By Josh Gardner, whose mother’s maiden name is Smith and first pet was called Scooter
AS someone who grew up with every recorded fact and invented fact a quick Google away, I believe in the freedom of information. Anything less is gatekeeping, which is evil.
The same goes for my personal life. It’s normal and natural that everything from my full location history to 12 years of poorly cropped selfies are owned and utilised by social media giants. They’ll put together an incredible highlight reel for my funeral.
Why should there be details of my life that aren’t public knowledge? When every twist of my last break-up, the minutiae of my health complaints and every tune I’ve ever vibed to is on the internet, it would be rude to conceal.

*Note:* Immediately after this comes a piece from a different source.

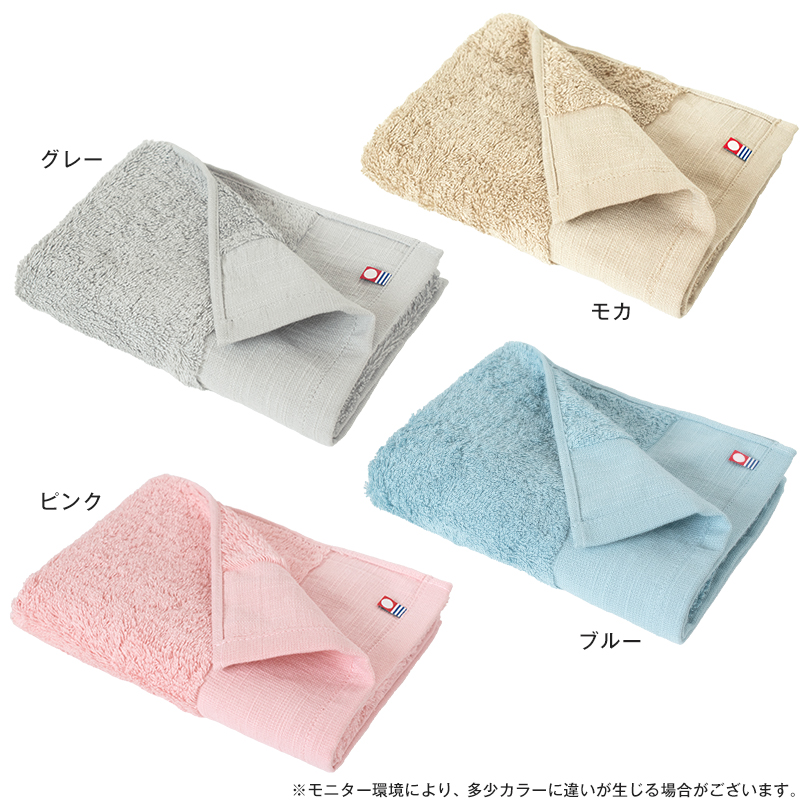 今治タオル バスタオル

But, like all his weird, secretive generation, my dad disagrees. He stopped me posting pictures of my driving licence and dental records to Insta even though I’d spent arduous minutes choosing the right filter for them.
‘You never know who’s looking, son,’ he warned. ‘Why not put your phone down and do something normal like watch eight hours of TV in silence, like your old man?’
No, obviously. But he has a point. Would I be more exciting, like a teased-but-unrevealed new Brat collab, if I lived a life of obscurity like Kristen Stewart who doesn’t even have Insta?
Feeling I’d found a rich new vein of content, I decided to give it a try. Even as the first few seconds crawled by I knew it could make a killer TikTok.
To fully experience living an unobserved life, I popped into town. Bad move. Even on the bus I overheard a conversation that needed to be shared, had thoughts on my sexuality and belated realisations about the new Alien film. But I couldn’t tell anyone.
Is this how people used to live? Their every thought left uncaptured, their facial expressions lost? Keeping it all bottled in was driving me crazy. No wonder the Great War broke out just so Wilfred Owen could write his poems.
Just when I felt my brain liquifying, I bumped into a mate who asked how I was. Usually I would upload my whole Twitter into his face but instead, with immense restraint, I just said ‘fine.’ Remarkably, it worked!
In that moment a new way of life opened up before me. One where I could coast through my days without oversharing, making comments that come back to haunt me, or doing a little dance.
And while it was tempting to follow this path, I decided not to because occasionally algorithms use my data to recommend useful products on Amazon. That’s a sacrifice I’m not willing to make.